**YOUR GOAL:**
Please keep pictures out and return the lines below exactly, from the one holding "Volkswagen T-Roc usata a Cosenza (12)" through the last, both included.

**PROVIDED ENTRIES:**
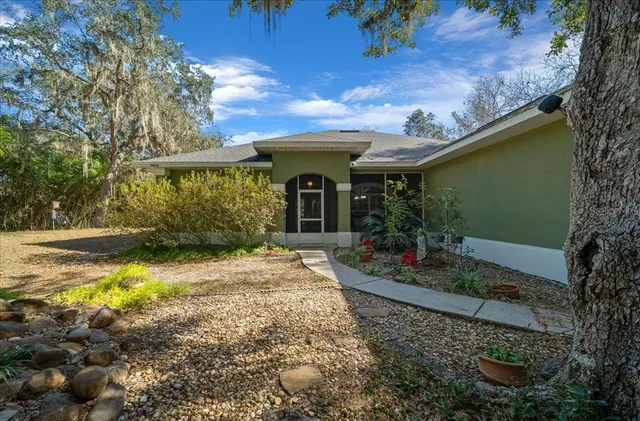 $679,900 | 16731 Southeast 181st Terrace, Weirsdale, FL 32195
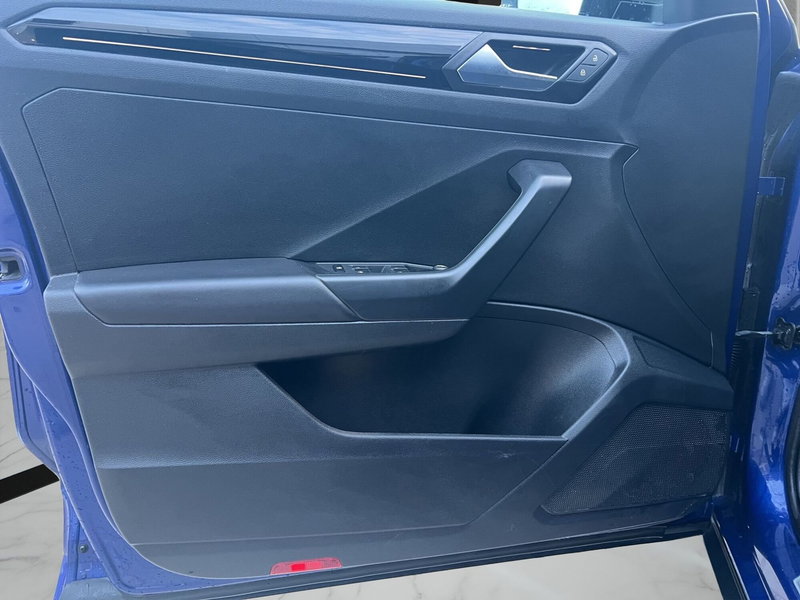 Volkswagen T-Roc usata a Cosenza (12)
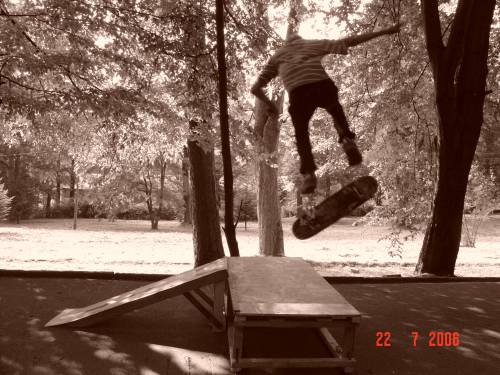 Kickflip przez Grindboxa  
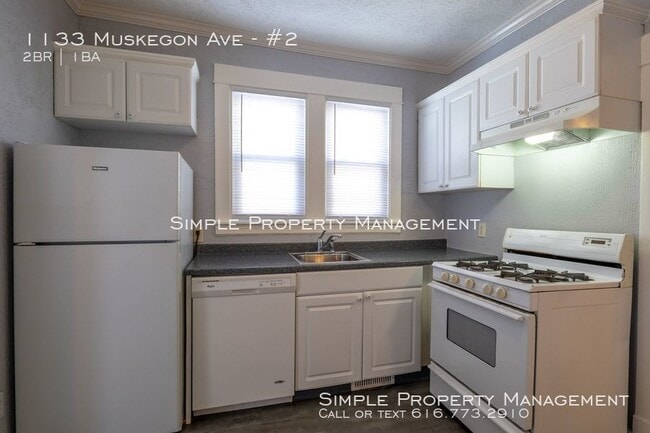 Building Photo - 1133 Muskegon Ave NW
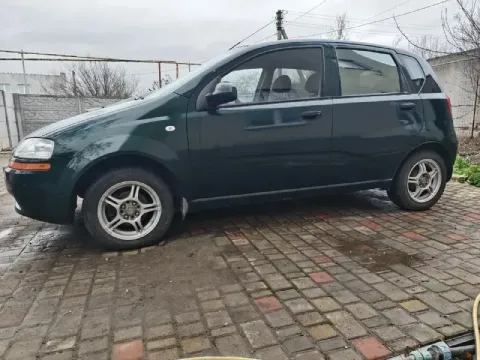 Chevrolet aveo хэтч год 2005 мотор 1,5 кпп механика 5 ступ. учёт рф. диагностическая карта сделана.... - фотография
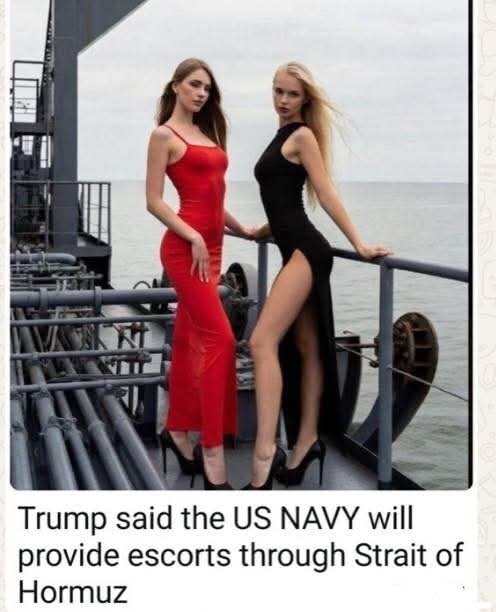 Deux femmes en robes moulantes rouge et noire posant sur le pont d'un grand navire en mer, avec des équipements métalliques et la mer à l'horizon.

**EXERCISE RESPONSE:**
 Volkswagen T-Roc usata a Cosenza (12)
 Kickflip przez Grindboxa  
 Building Photo - 1133 Muskegon Ave NW
 Chevrolet aveo хэтч год 2005 мотор 1,5 кпп механика 5 ступ. учёт рф. диагностическая карта сделана.... - фотография
 Deux femmes en robes moulantes rouge et noire posant sur le pont d'un grand navire en mer, avec des équipements métalliques et la mer à l'horizon.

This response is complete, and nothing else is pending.